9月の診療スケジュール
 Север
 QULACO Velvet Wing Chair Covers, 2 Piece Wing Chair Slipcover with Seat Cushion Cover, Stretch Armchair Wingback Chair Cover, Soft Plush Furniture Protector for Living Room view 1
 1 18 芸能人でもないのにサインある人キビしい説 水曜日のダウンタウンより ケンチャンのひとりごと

★ ★ ★ ★

_YOUR INSTRUCTIONS_: Every line of the listing, first to last, should be retyped exactly.

_SOLUTION TO THIS TASK_:
9月の診療スケジュール
 Север
 QULACO Velvet Wing Chair Covers, 2 Piece Wing Chair Slipcover with Seat Cushion Cover, Stretch Armchair Wingback Chair Cover, Soft Plush Furniture Protector for Living Room view 1
 1 18 芸能人でもないのにサインある人キビしい説 水曜日のダウンタウンより ケンチャンのひとりごと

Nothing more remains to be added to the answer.